◆ **Given data**

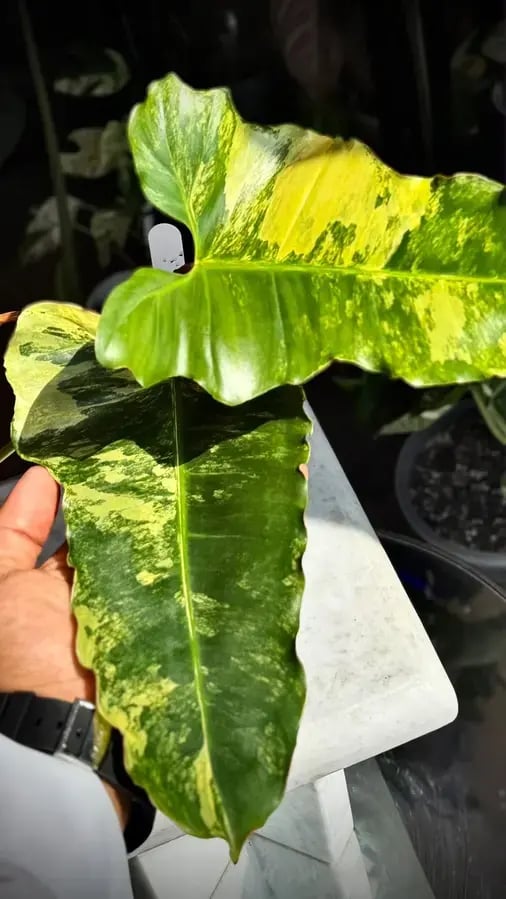 PHILODENDRON HYBRID Marron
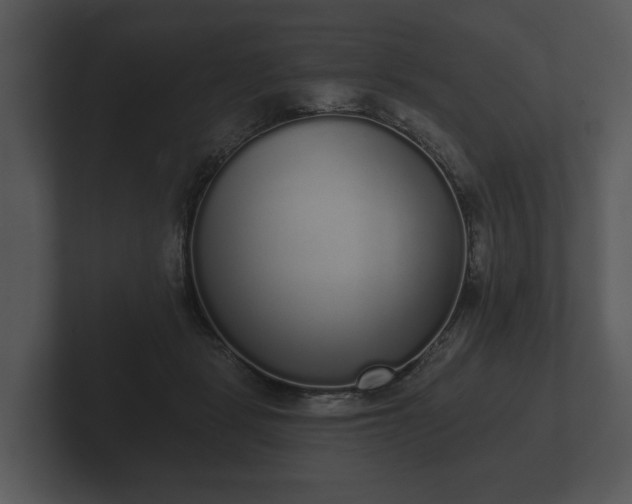 X0000103150461200808291433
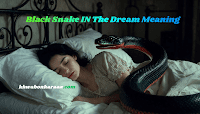 Black Snake IN The Dream Meaning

◆ **Your goal**
What is needed is an exact reproduction of the data, pictures excluded.

◆ **Your response**
 PHILODENDRON HYBRID Marron
 X0000103150461200808291433
 Black Snake IN The Dream Meaning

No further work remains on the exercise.